If you are willing to mess with drivers, you may want to try installing Linux. On a 2013 Air, battery life and performance (even graphics!) are surprisingly better with Debian Jessie than with OS X. Of course, it is a newer model than yours, but the drivers will only be more stable and mature with a 2011. Especially if you have 4 GB RAM and you're running into a memory barrier with OS X, you should see a significant improvement.
My iPhone and a couple flash drives do this, probably because it thinks my scanner is a camera. Unfortunately I can't stop it from launching (assuming I can disable it in Preferences) until it will actually launch—I have left it beachballing for a very long time and it still has not finished launching, so I just force quit it.
Open the Image Capture application, and you can change the setting at the bottom-left of the window. It seems to get increasingly hidden with each OS release.

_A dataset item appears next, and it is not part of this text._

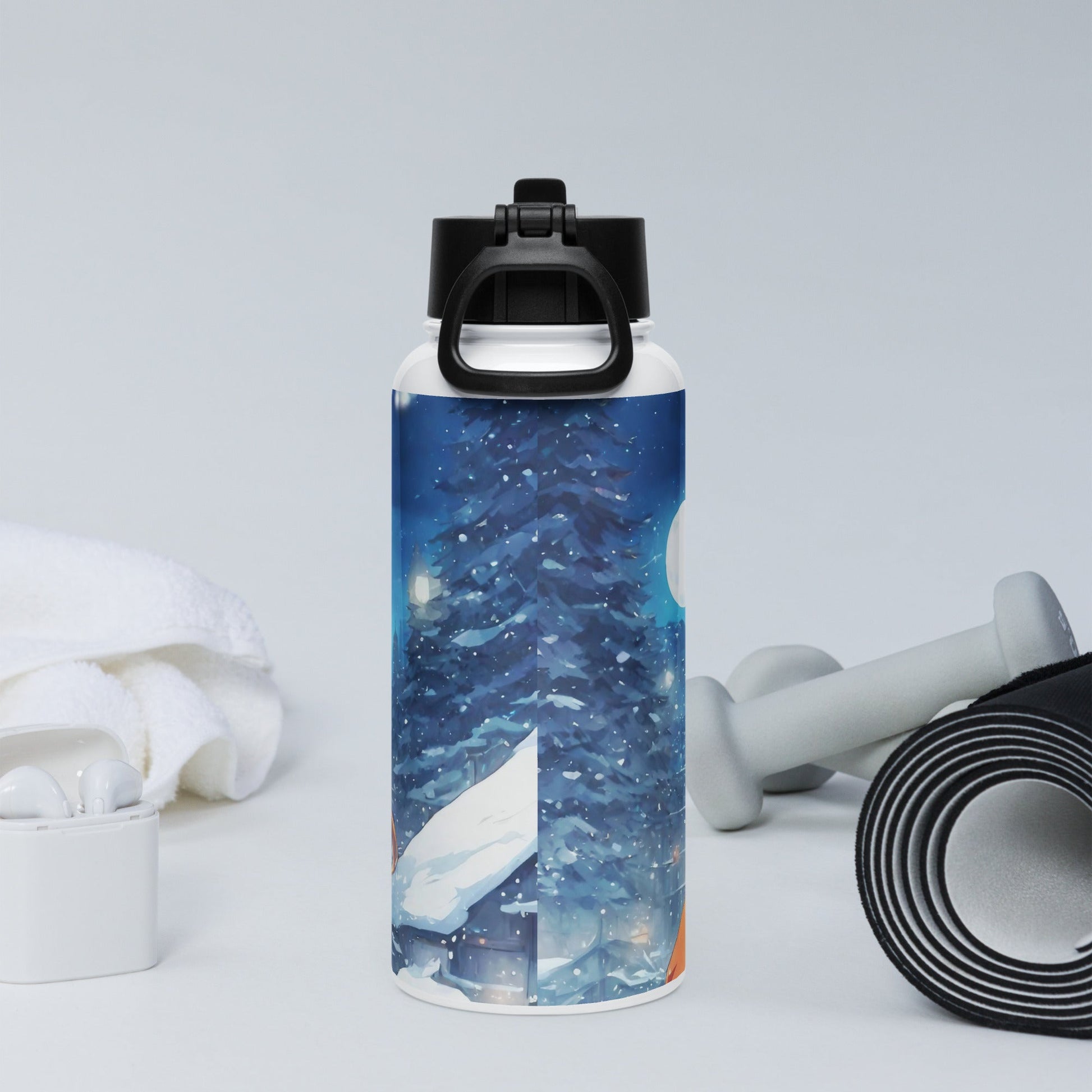 Stainless steel water bottle with a straw lid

This used to be the only place to change the setting—which was ridiculous because virtually no one ever used Image Capture (especially because iPhoto opened by default). But to Apple's credit, you can now also change this preference in Photos. Of course, as the previous poster pointed out, you have to actually wait for Photos to finish launching. But at least it's there now!
Always 'Quit' open apps you don't use,
never, NEVER have 2 sessions open at the same time,
and try using lighter applications when you can (VLC instead of iTunes for music, Skim instead of Preview for PDFs, Preview instead of Photos for images, etc)

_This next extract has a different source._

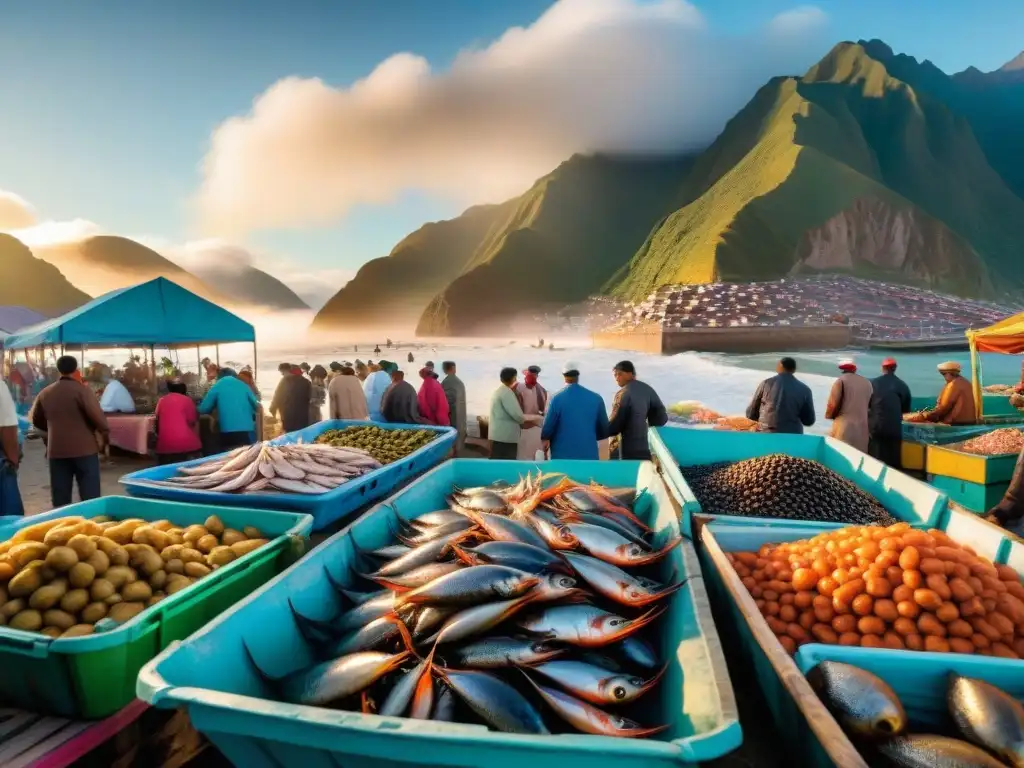 Un mercado de pescado peruano bullicioso al amanecer, lleno de mariscos frescos y pescados brillantes, reflejando la cultura culinaria costera de Perú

I have to use a 2012 MBP with Yosemite from time to time and if I follow these rules it is definitely bearable.
My 2011 11" Air (i7) runs 10.10 just fine. I haven't noticed any slowdown over the past 4 years, although I do disable all the unnecessary transparency and animations Apple keeps adding for seemingly no reason.
By the way, my battery health is also around 85% after 500 cycles and being plugged in and charged to 100% whenever possible.

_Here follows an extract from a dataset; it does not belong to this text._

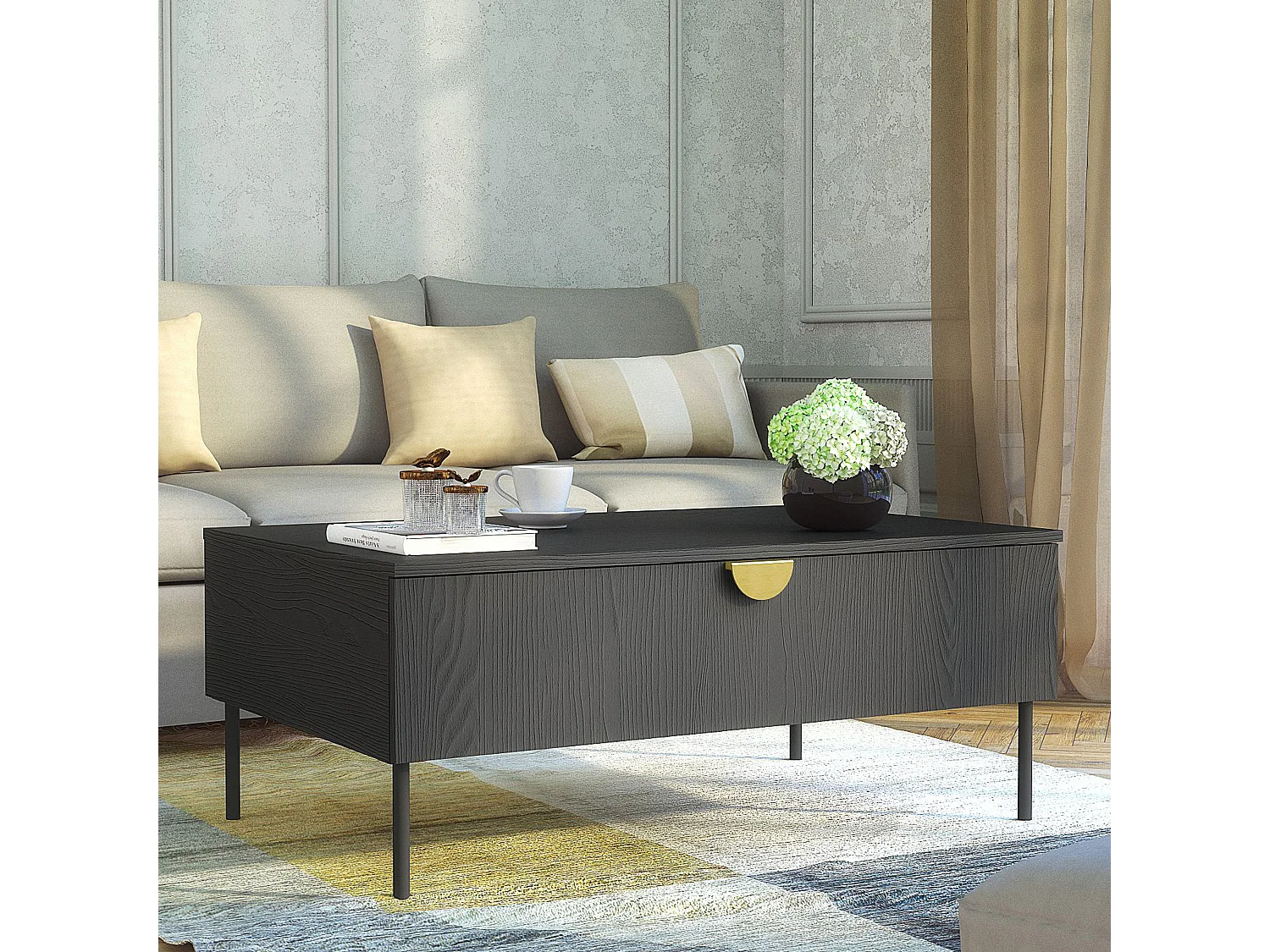 Table basse VIDIS noir, dimensions 100x42x66 cm, parfait pour salons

Switch to OSX 10.9, problem solved. My 2012 rMBP with top end specs is also sluggish on 10.10.3. Not sure what Apple is thinking. On the other hand I am still using my 2003 Panasonic CF 73. It's not quick, but for the limited tasks of automating my DSLR it works perfect.
MacBook Pro (13-inch, Early 2011) 2.3Ghz i5, self-upgraded hardware to 16GB 1333MHz DDR3 RAM, Samsung SSD 120GB, caddy with 500GB HD, replaced battery with cheap Chinese, running 10.10.3 like a charm (only my SD-card slot never worked).
Yes, mine still runs smooth, that's why i always buy the fastest model (processor) available, it's more expensive when buying but usually saves money in the long run.
(i have the 1.8GHz Dual-Core Intel Core i7)
my macbook 2008 running os x 10.7.5, 128gb ssd and 4gb ram is still fast enough and gets the job done. It's even faster than the latest middle to low end windows PC's (dual boot with windows 7)
MBP 2009 here... works as good as new. Only upgrade was a SSD for the hdd. Still only 4GB RAM. Wouldn't want to do much video/graphics processing but everything else is fine.